2012 Spanish regional elections
| 25 March 2012 21 October 2012 25 November 2012 |

439 seats in the regional parliaments of Andalusia, Asturias, the Basque Country, Catalonia and Galicia
- Regional administrations by leading party in 2012
| National parties PP (11+2) PSOE (2) | Regional parties CiU (1) EAJ/PNV (1) CC (1) UPN (1) |

= 2012 Spanish regional elections =

Regional elections were held in Spain during 2012 to elect the regional parliaments of five of the seventeen autonomous communities: Andalusia, Asturias, the Basque Country, Catalonia and Galicia. 439 of 1,218 seats in the regional parliaments were up for election. The elections were held on 25 March in Andalusia and Asturias, on 21 October in the Basque Country, and on 25 November in Catalonia.

==Election date==
Determination of election day varied depending on the autonomous community.
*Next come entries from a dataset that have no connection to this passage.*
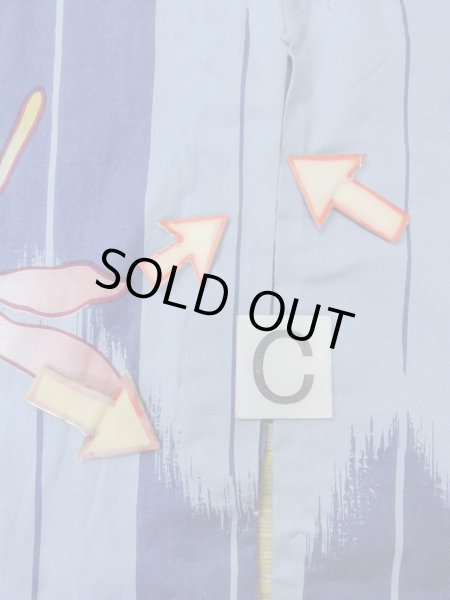 画像16: O0301A 女性用浴衣（海外製）  綿 灰色がかった水色,  【中古】【USED】【リサイクル】 ★★☆☆☆【O0301A】 (16)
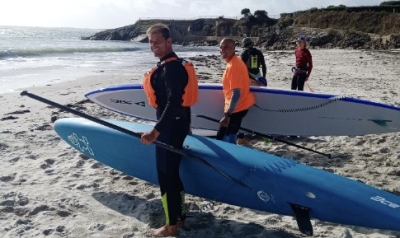 Entrainement Paddle Gaétan sene Morbihan club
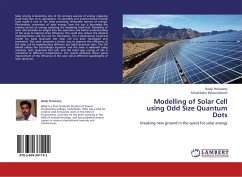 Modelling of Solar Cell using Odd Size Quantum Dots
Typically, most autonomous communities held their elections on the fourth Sunday of May every four years, concurrently with nationwide local elections, while others had their own, separate electoral cycles. In some cases, regional presidents had the prerogative to dissolve parliament and call for extra elections at a different time, but newly elected assemblies were restricted to serving out what remained of their previous four year-terms without altering the period to their next ordinary election. In other cases—Andalusia (since 1994), Aragon (2007), the Balearic Islands (2007), the Basque Country (1981), Castile and León (2007), Catalonia (1985), Extremadura (2011), Galicia (1985), Navarre (2010) and the Valencian Community (2006)—the law granted regional presidents the power to call snap elections resulting in fresh four-year parliamentary terms.

==Regional governments==
The following table lists party control in autonomous communities and cities. Gains for a party are highlighted in that party's colour.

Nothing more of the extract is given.